I have written before about the fact that I have a history that includes a fight with a bone tumor back in 1980. I recently wrote a summary of the events that led to that diagnosis, because my lawyer in the fight with Social Security thought that it would be helpful to our fight. After some reflection, I decided to post it here, as well. Hope you find reading this to be helpful in understanding me . . . .
Vernon Pope’s Bone Tumor Discovery
This is a factual summary of the events leading to the discovery of a bone tumor in my left femur in October of 1980.
The story begins on September 17th. I was active duty in the United States Army, assigned to Ft. Eustis, Virginia, training to be a helicopter mechanic. On that day, I awoke with the rest of my unit at 0500 hrs. (which was normal for all normal duty days). At the time I awoke, I was not aware of anything amiss. I sat up, spun on my bed, and placed my feet on the floor, feeling normal. The very moment I stood up, I felt a searing pain I have struggled to describe ever since. The best estimate I can give to what that pain felt like is imagining what it might have felt like to have my whole left leg doused in gasoline and set fire. I screamed so loudly that half of the men in my barracks came running to the room I shared with 5 other trainees.

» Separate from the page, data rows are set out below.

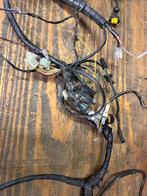 Derbi Gpr Racing Kabelboom vanaf 2009, Frame, Gebruikt, Derbi, Derbi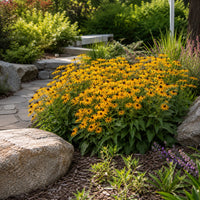 American Gold Rush Black-Eyed Susan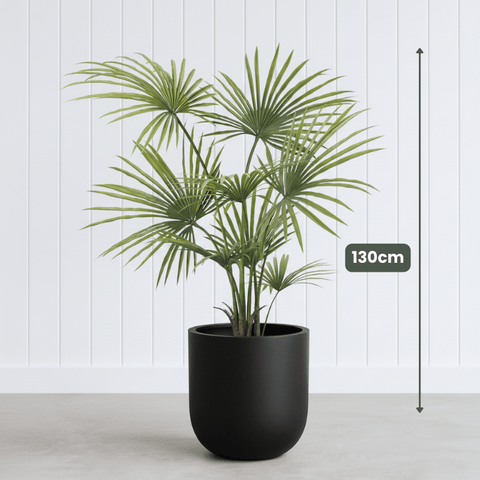Kwai Palm UV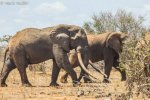 世界最巨型大象慘死盜獵者所殺 世界上最大的大象象
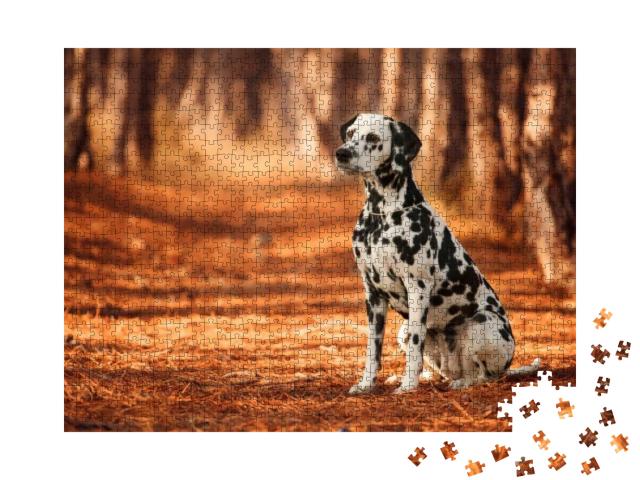 Dog Breed Dalmatian for a Walk... Jigsaw Puzzle with 1000 pieces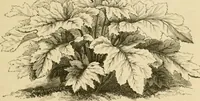 An illustration from The parks and gardens of Paris, considered in relation to the wants of other cities and of the public and private gardens; being notes on a study of Paris gardens (1878)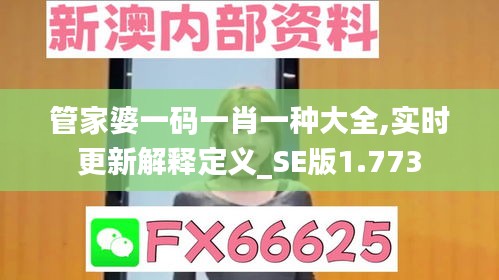 管家婆一码一肖一种大全,实时更新解释定义_SE版1.773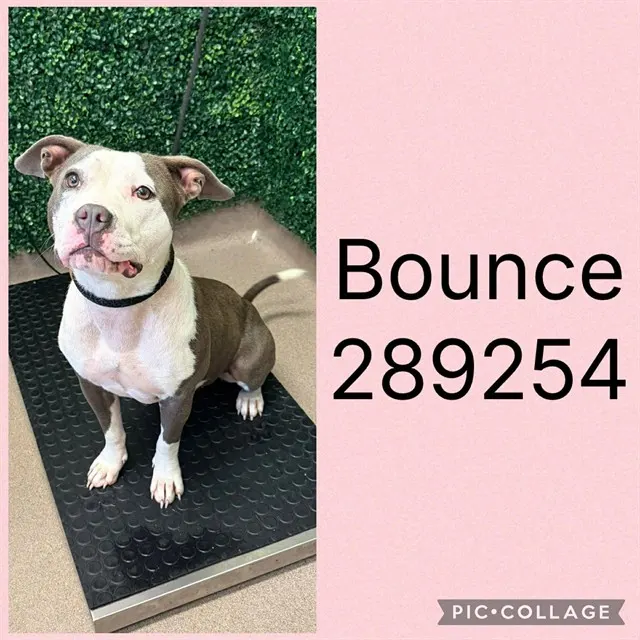 Bounce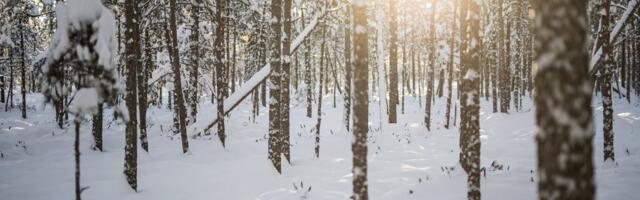 NÄDALA ILMAPROGNOOS | Öötundidel valitsevad külmakraadid ning oodata on tõelist talveilma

Very quickly I was questioned about what was wrong, and it was decided that I needed to get to the nearest medical aid station immediately. Two of my fellow trainees created a fireman’s carry chair and hauled me to the aid station. The medics on duty checked for sprains, broken bones, charlie horses, and other usual suspects, without discovering the cause of the pain. By the time the examination was concluded, the First Sergeant of my unit was also on location. The medics gave me some non-prescription pain killers and said they didn’t know what was wrong. They sent me back to the barracks on 24 hour bed rest – and specifically instructed my First Sergeant that if I was not feeling better by noon I should be admitted to the main base hospital for further testing.
The First Sergeant took me to the hospital at 1205 hrs. that same day.
The following days were a series of tests, x-rays, and other exams. Nobody who examined me ever suggested that they felt my pain was other than real, but no evidence was found for a cause with any test the hospital at Ft. Eustis was capable of performing. On October 8th, I was put in an ambulance and transported to Bethesda Medical Center for a full-body bone scan, with and without contrast.
On October 9th I was informed that the bone scan had revealed a shadow on the left femur that had not previously been seen on x-ray. I was scheduled for a biopsy of the site of the shadow for the following morning.
The doctor who performed the surgical biopsy deserves some mention, I think. He was Col. James W. Blunt, Jr, MD. He was the Chief of Orthopedic Surgery at Ft. Eustis at the time in question. He was also the Hospital Commander, and the highest ranking Orthopedic Surgeon in the United States Army.
I went into surgery at 0700 on October 10, 1980. I was back in my room after recovery by noon. At 1300 I was informed that I had a bone tumor – eosynophilic granuloma (please forgive me if I misspelled it – I am not an oncologist), and that I would be permanently disabled.
I want to call attention to a few facts of this narrative. First – that I experienced extreme pain all of the 23 days before we knew what was causing it. Second, there actually was a very real problem. Third, that the same sensitivity to changes in my body is why when I experience a migraine headache now, it isn’t something I can medicate and still go on with a normal day.